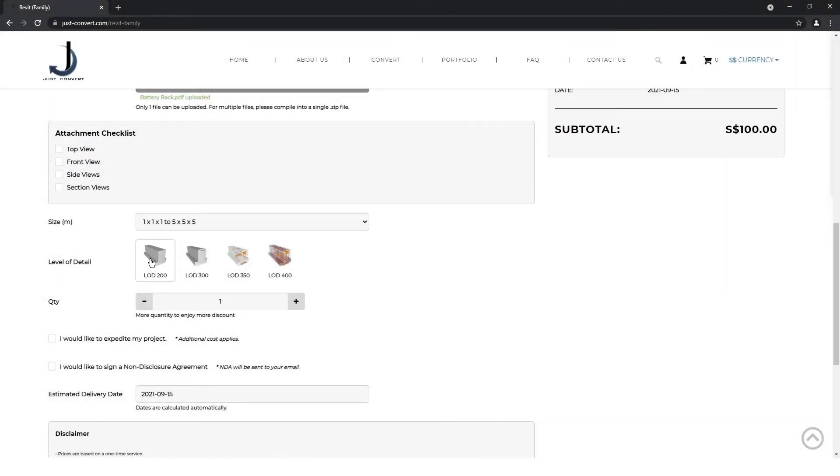And finally, select the quantity. Discounts will automatically be included for larger quantities.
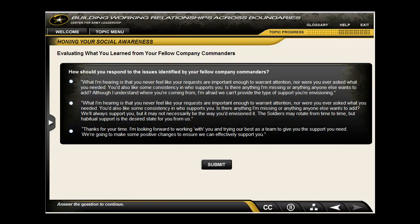At key points throughout the scenario, learners are asked to make a decision based on previously gathered information. Because many of the situations presented have no real right or wrong answer, learners are presented a good, better, and best option to get at the nuances of the situation.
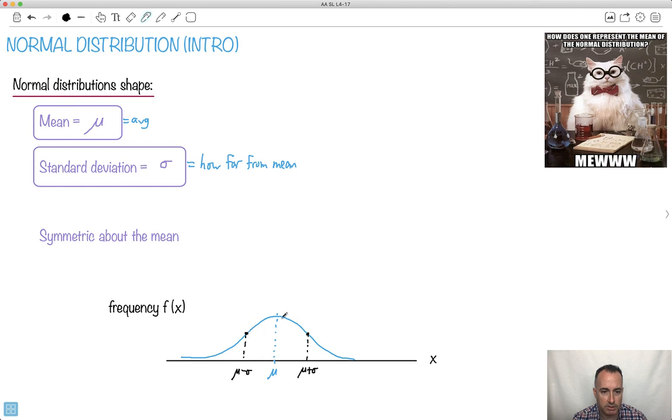Of course we can go plus two sigma, and three sigma as well. So this tells you how far from the mean something is.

* Exercise
Output, word for word, the full listing above, with no pictures.

* Task answer
And finally, select the quantity. Discounts will automatically be included for larger quantities.
At key points throughout the scenario, learners are asked to make a decision based on previously gathered information. Because many of the situations presented have no real right or wrong answer, learners are presented a good, better, and best option to get at the nuances of the situation.
Of course we can go plus two sigma, and three sigma as well. So this tells you how far from the mean something is.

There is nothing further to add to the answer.